Key OPEC ministers met privately Friday to find a way of reining in their oil production plans, a task complicated by the demands of warring cartel members Iran and Iraq.
Apparently convinced that their original plan to produce 18.3 million barrels a day in the fourth quarter would drive prices below $18 per barrel, the ministers were seeking a compromise below that scheduled output, perhaps by simply extending the 16.6-million-barrel level scheduled for the third quarter.
The negotiations were conducted among a handful of OPEC member nations, with Indonesian oil minister Subroto and OPEC President Rilwanu Lukman of Nigeria acting as mediators and shuttling from hotel to hotel here. Two full ministerial meetings were canceled in favor of the private talks.
(Fawzi Shakshuki, Libya's oil minister, told reporters after a late Friday meeting with four other OPEC ministers that they had agreed the cartel production ceiling should be lifted to 16.6 million barrels a day on July 1 and retained through year's end. It currently stands at 15.8 million barrels daily.
(Reports that OPEC may hold its output below expectations sent prices on world oil markets soaring Friday. On the New York Mercantile Exchange, prices for August delivery of West Texas Intermediate, the U.S. benchmark crude, closed 60 cents higher at $20.24 a barrel.)
Because Iran isn't now capable of increasing its production to take advantage of a higher quota, one possible way to win over Iran would be to engineer some effective limit on Iraq's production. Iraq has refused to abide by the quota assigned to it under OPEC's otherwise successful December production and price-fixing agreement, and is due to sharply raise its production with a pipeline expansion this fall.
Both nations rely almost totally on oil revenues to fuel the war against each other, and their mutual demands for advantageous quota levels have been a continual threat to OPEC unity. Iraq refuses to follow the 1.4-million-barrel-per-day quota assigned to it by OPEC because it is about 800,000 barrels less than Iran's quota. Both nations are now producing an estimated 2.2 million barrels daily, subject to sudden reductions due to bombings.
A delegate from one of OPEC's biggest producers said that giving Iraq a quota matching Iran's might bring the Baghdad contingent into the fold. Iraq's biggest military supporters, Saudi Arabia and Kuwait, could effectively hold the Iraqis to the the quota by halting their shipments of "war relief" crude to Baghdad or interrupting the flow of Iraqi oil, which moves through a pipeline across Saudi Arabia.

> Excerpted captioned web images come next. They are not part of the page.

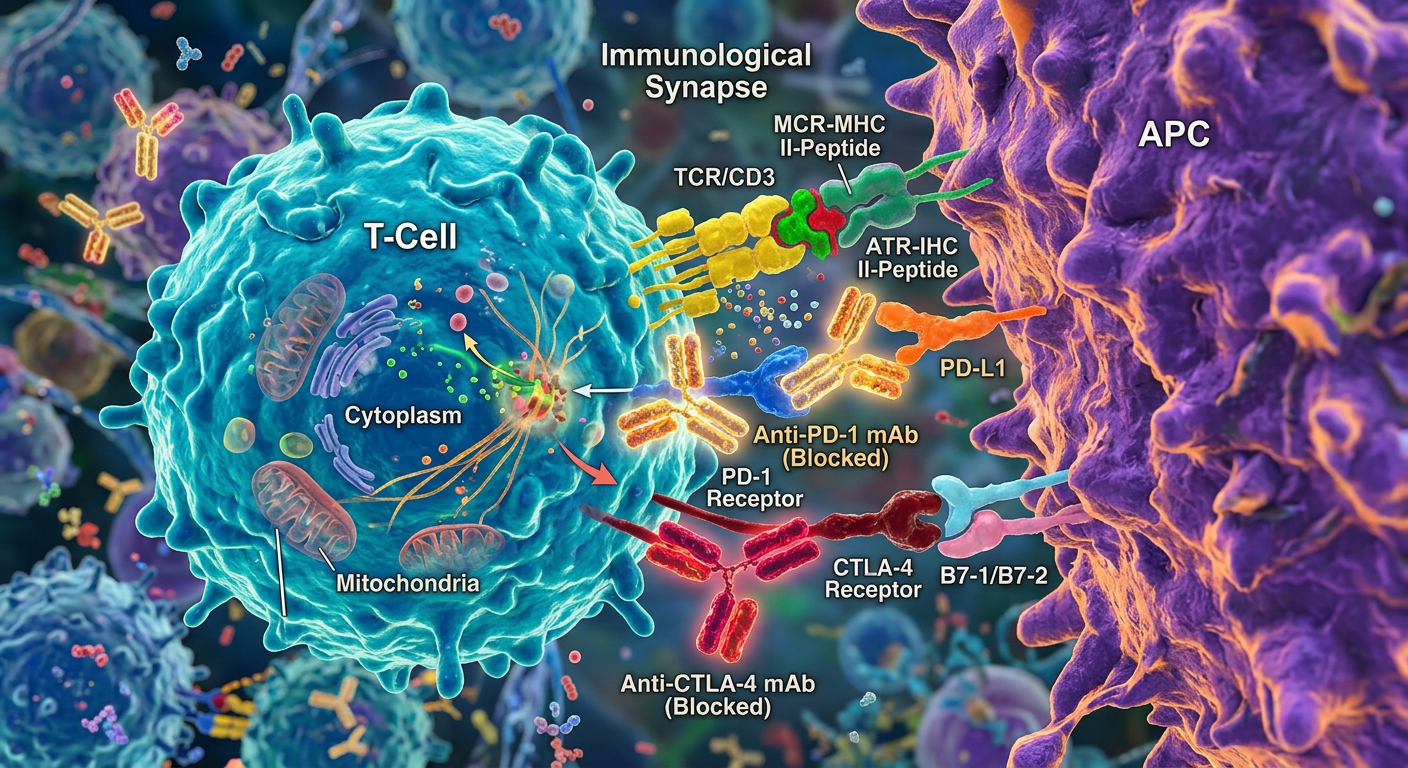 T-hücresi aktivasyonu için PD-1 ve CTLA-4 blokajını gösteren moleküler mekanizma.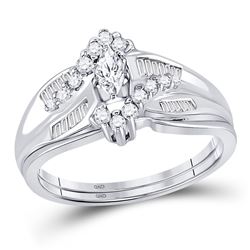 0.52 CTW Diamond Bridal Wedding Engagement Ring 14kt White Gold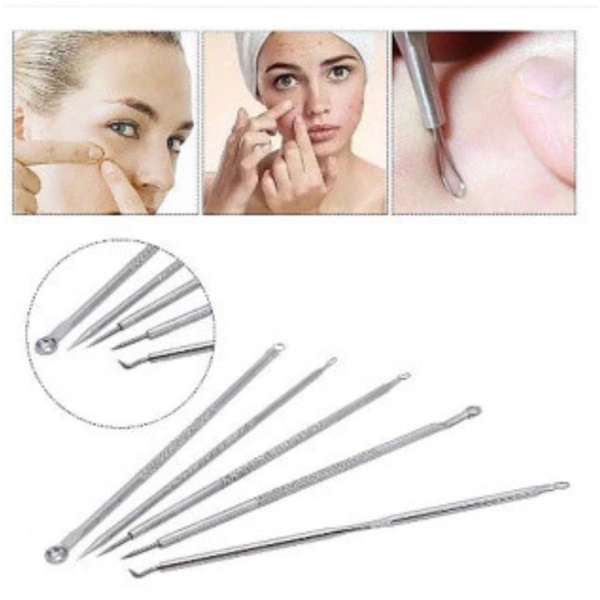 Kit 7 Curetas Remove Cravos Espinhas Aço Inoxidável Com Estojo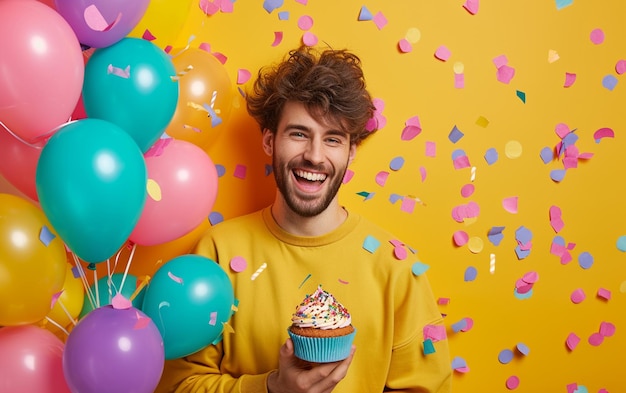 Relaxado feliz aniversário cara olhando alegre sorrindo segurando um bolo de aniversário e balões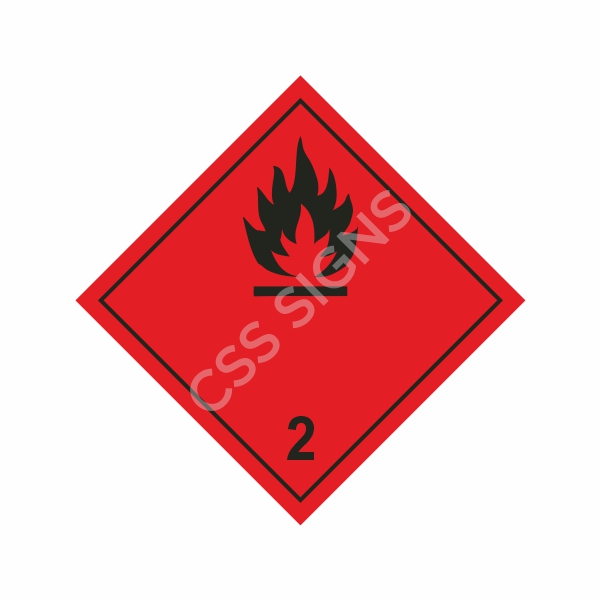 [500201-4] Class 2 Flammable Gas ADR Hazard Label (250x250, 5)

"That is the most logical political solution," the OPEC delegate said.
But several OPEC observers said that approach would tamper with what has been a successful quota accord, and might open a can of worms.
Many predict that Iran will instead go along with a simple fourth-quarter production compromise that would support the current $18 official price and leave Iraq out of the agreement. In that event, the Saudis and Kuwait might agree under the table to quit shipping Iraq the revenue from 300,000 barrels of war relief crude that it now receives each day.